**Permutation Feature Importance (PFI):**

The idea behind PFI is to evaluate the importance of a feature by measuring the increase in the model's prediction error after permuting the feature. This is done to "destroy" the structure of the feature while keeping the marginal distribution $ P(x_j) $ unchanged. The steps are as follows:

1. Measure the baseline error of the model using the test set without permuting any features.
2. For the feature of interest, permute its values across the observations in the test set, thus creating a new dataset where the association between the feature and the outcome is broken.
3. Measure the error of the model on this new dataset.
4. The importance of the feature is then the difference between the error with the permuted feature and the baseline error.
5. Repeat this process multiple times and average the differences to get the Permutation Feature Importance score for that feature.

**Testing Importance using Permutations (PIMP):**

PIMP is a method to test the statistical significance of the Permutation Feature Importance scores. This is done by creating a null distribution of feature importance scores under the hypothesis that the feature is not informative (i.e., it has no relationship with the response variable).
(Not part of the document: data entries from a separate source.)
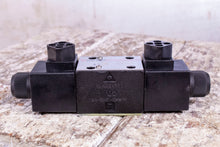 Load image into Gallery viewer, Atos DHE-0717 AC 10N Hydraulic Valve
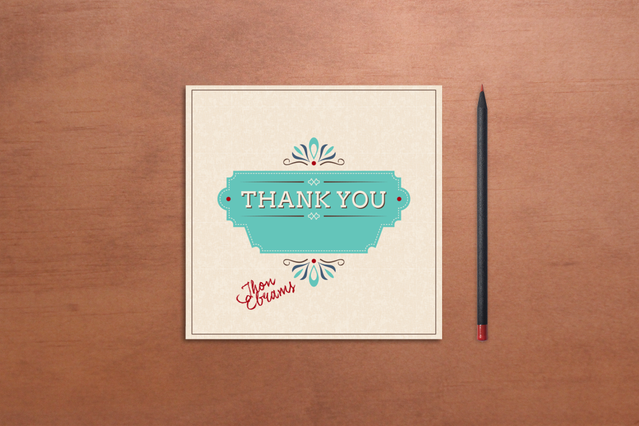 Cartoncino ringraziamento con banner turchese e testo bilingue 'THANK YOU' e 'Grazie'. Stampa personalizzata premium.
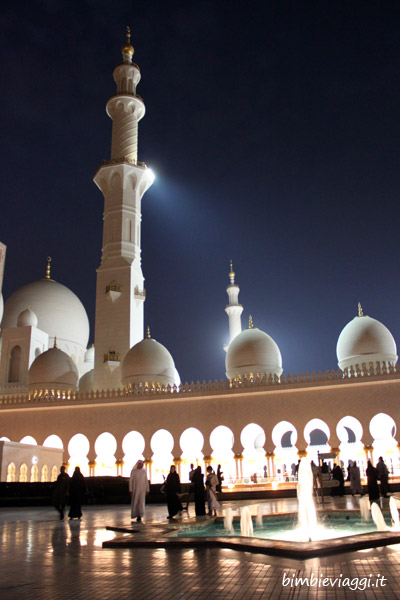 Emirati Arabi con bambini-Sheikh Zayed Mosque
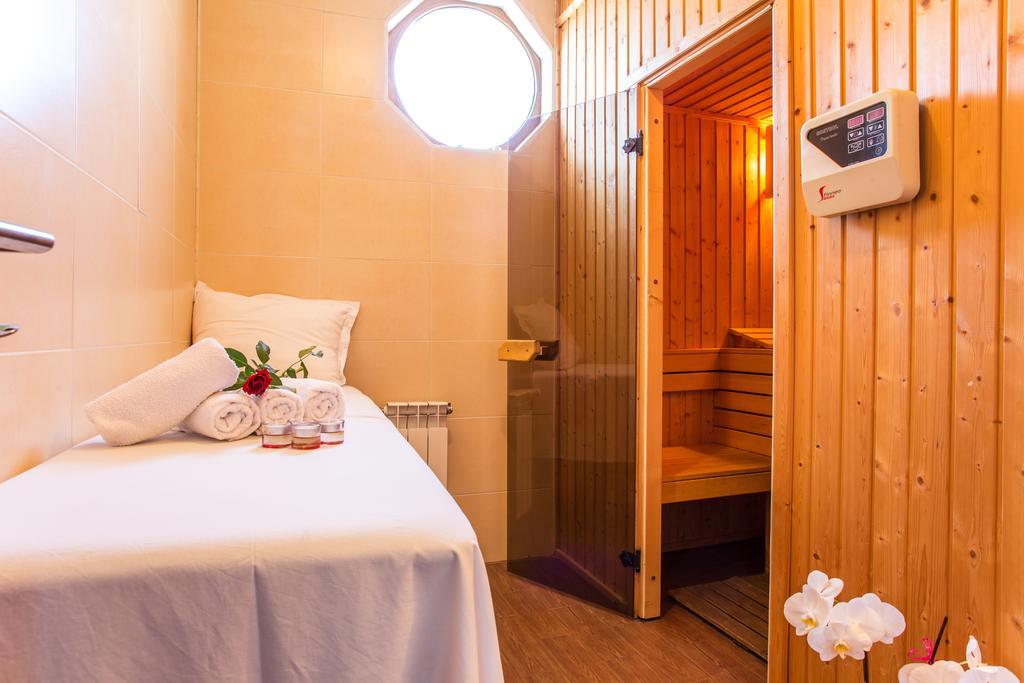 Family Hotel 테티븐 외부 사진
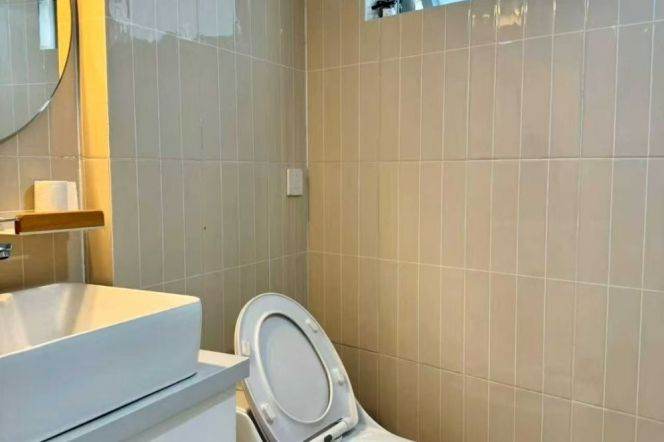 1BR Apartment in Old Xuhui (L1/L10)
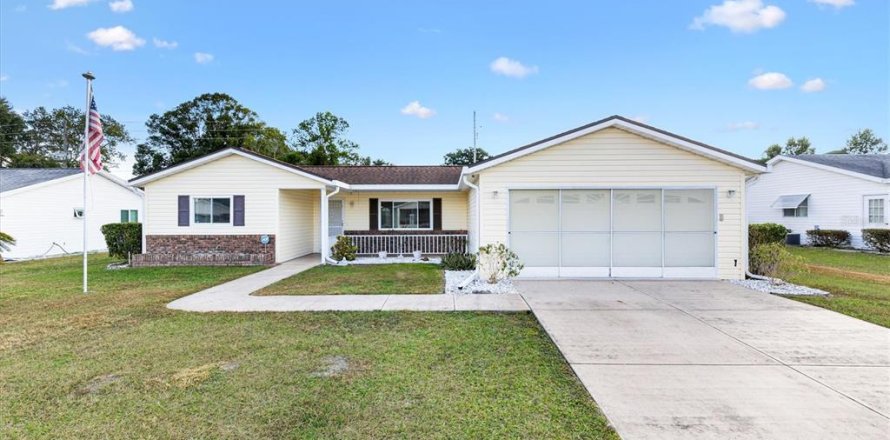 Casa en Summerfield, Florida 3 dormitorios, 157 m2 № 2100456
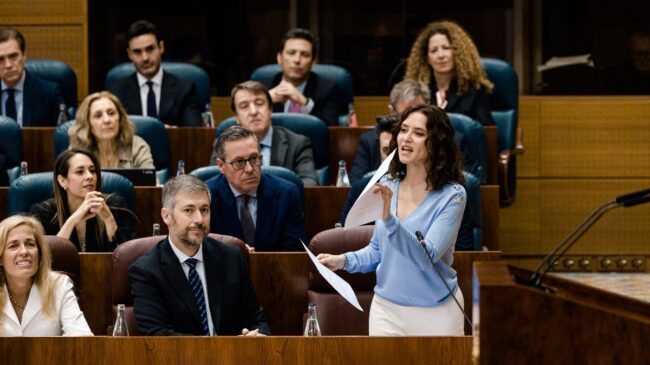 Ayuso ataca al PSOE tras sus días en México: «Nosotros no viajamos con prostitutas»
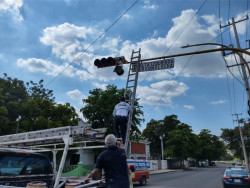 Policías viales de la SSPyTM restablecen semáforos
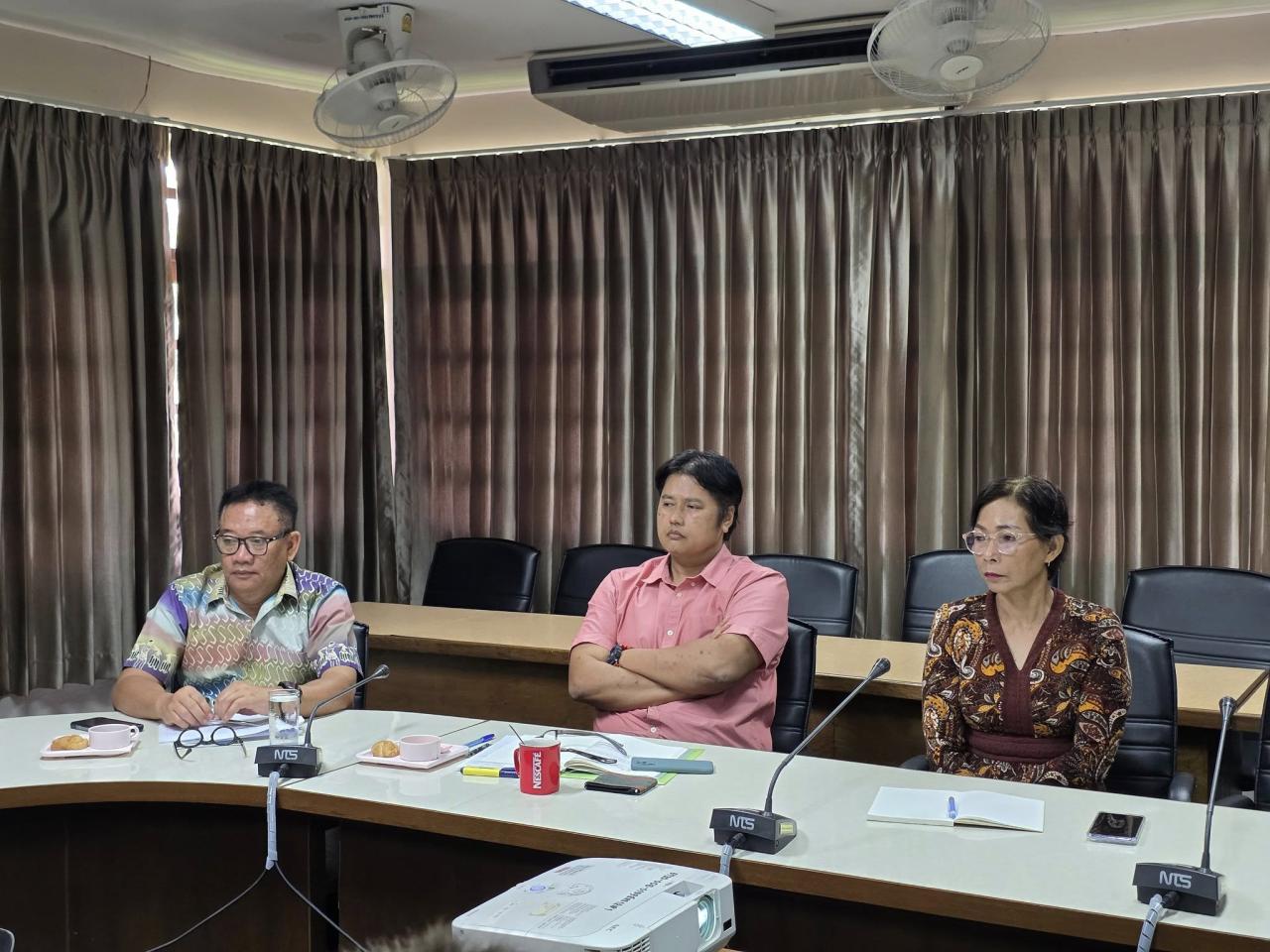 ภาพประกอบที่ 21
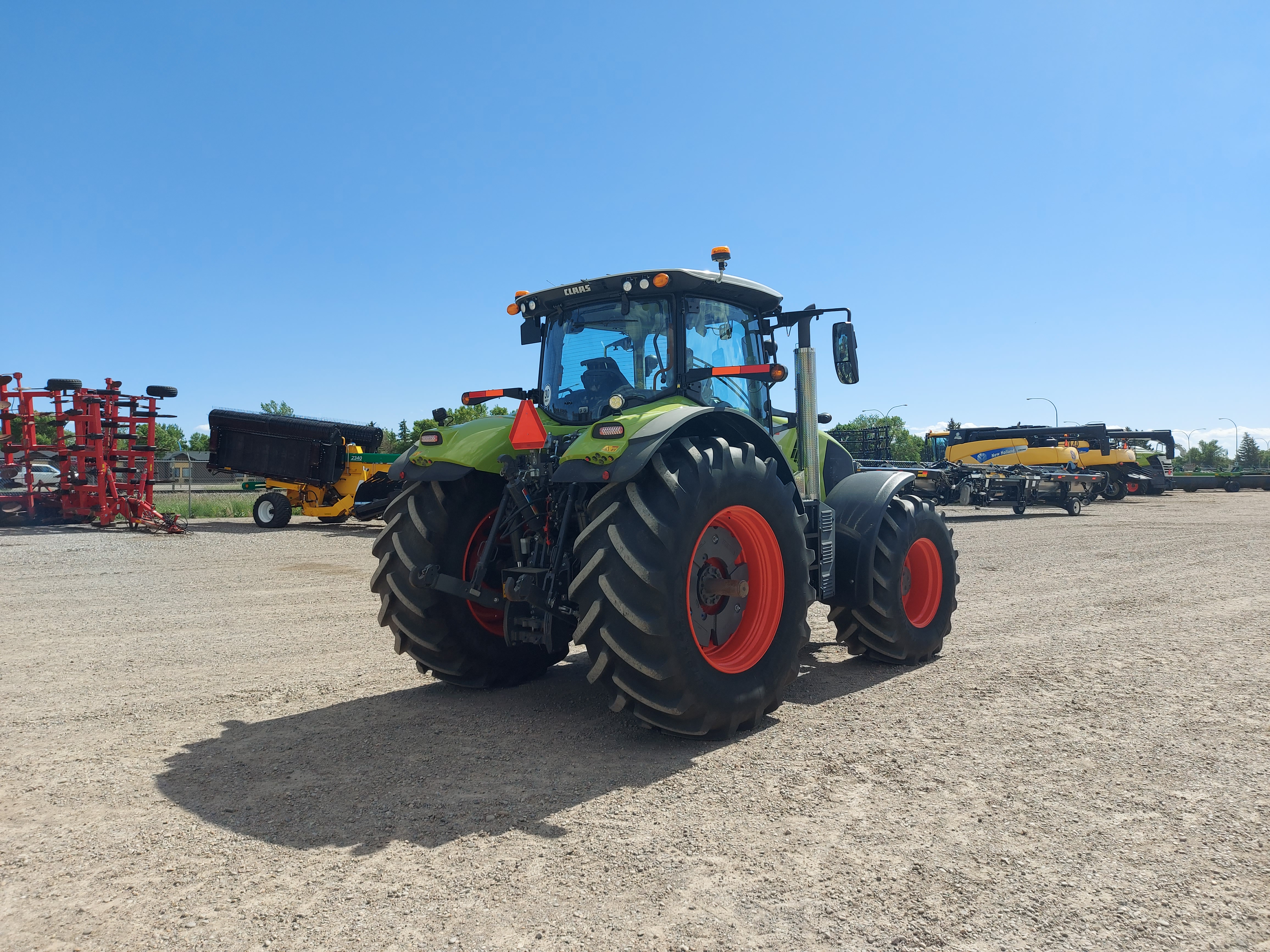 2021 CLAAS AXION 860 Tractor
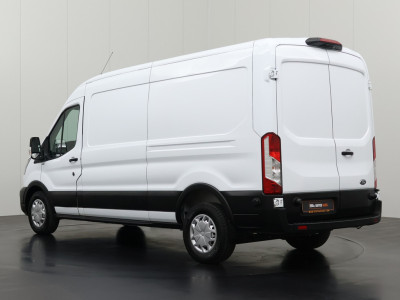 Ford Transit 2.0TDCi 130PK L3H2 | Airco | Cruise | Camera | 3-Zits | Betimmering foto 2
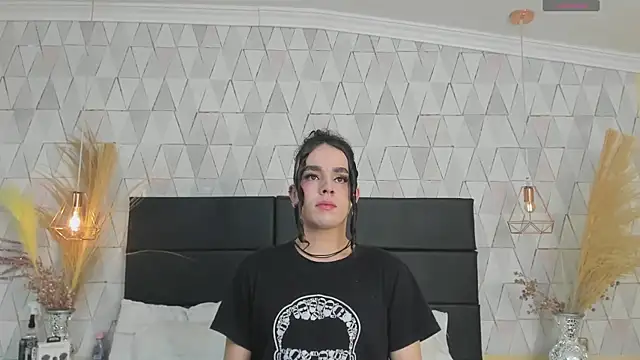 JustinePerry online show from 01-14-26, 03:54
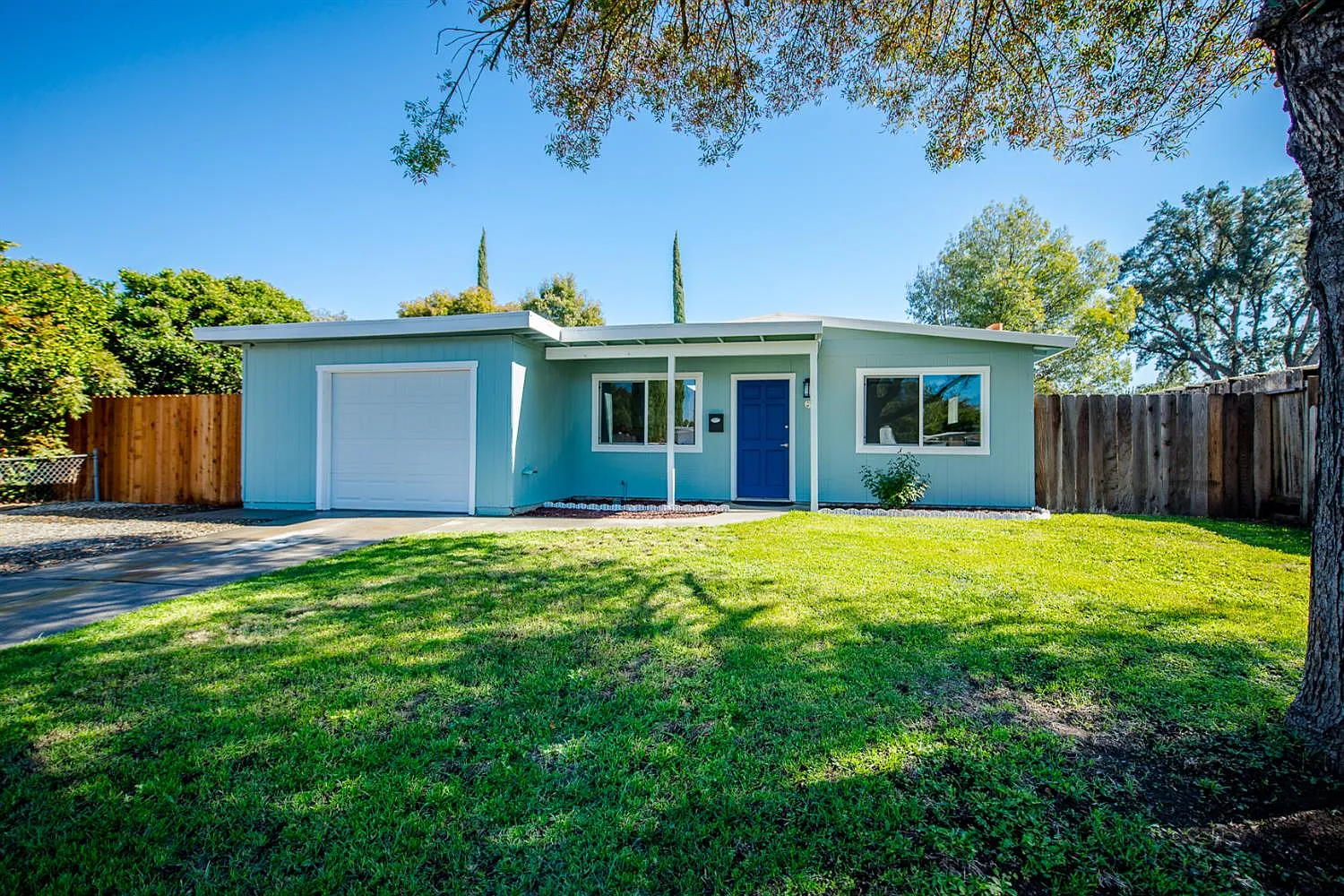 6 Dawn Dr photo 1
The steps are:

1. Permute the response variable $ y $ and retrain the model with the permuted $ y $ and original features $ X $ to compute feature importance under the null hypothesis $ H_0 $. This is repeated for a number of repetitions to create a distribution of importance scores under $ H_0 $.
2. Train the model with the original $ X $ and $ y $ to compute the actual feature importance.
3. For each feature, fit a probability distribution to the null importance scores (can be Gaussian, lognormal, gamma, or non-parametric).
4. Compute the actual feature importance for the model with the original $ y $ (under $ H_1 $, the alternative hypothesis).
5. Retrieve the p-value of the actual feature importance based on the fitted null distribution.

The PIMP method allows one to assess whether the observed importance is significantly different from what would be expected by random chance, thus providing a statistical significance test for feature importance scores.


In [None]:
import numpy as np
import pandas as pd
from sklearn.model_selection import train_test_split
from sklearn.metrics import accuracy_score
from sklearn.utils import shuffle
from scipy.stats import norm, gamma, lognorm

# Assume data_original is a pandas DataFrame with the last column being the binary target
X = data_original.iloc[:, :-1]  # Features
y = data_original.iloc[:, -1]   # Labels (binary)

# Function to compute permutation importance for a single feature
def permutation_importance(model, X, y, feature, n_repeats=30):
    baseline_accuracy = accuracy_score(y, model.predict(X))
    scores = np.zeros(n_repeats)
    for n in range(n_repeats):
        X_permuted = X.copy()
        X_permuted[feature] = shuffle(X_permuted[feature].values, random_state=None)
        permuted_accuracy = accuracy_score(y, model.predict(X_permuted))
        scores[n] = baseline_accuracy - permuted_accuracy
    return scores

# Calculate the actual importances for each feature with unpermuted y
actual_importances = {feature: permutation_importance(trained_model, X, y, feature) for feature in X.columns}

# actual_importances[feature] contains the PFI scores for each feature

# Initialize null importances
null_importances = {column: [] for column in X.columns}

n_repetitions = 100  # Number of repetitions for null distribution
for _ in range(n_repetitions):
    y_permuted = shuffle(y, random_state=None)
    null_model = trained_model.fit(X, y_permuted)  # Retrain model with permuted y
    for column in X.columns:
        null_importance = permutation_importance(null_model, X, y_permuted, n_repeats=1)
        null_importances[column].extend(null_importance)

# Assuming a normal distribution for the null importances
p_values = {}
for column in X.columns:
    # Fit a normal distribution to the null importances
    mu, std = norm.fit(null_importances[column])
    # Compute the p-value for the actual importance
    p_value = 1 - norm.cdf(actual_importances[X.columns.get_loc(column)], mu, std)
    p_values[column] = p_value

# Print p-values for each feature
print(p_values)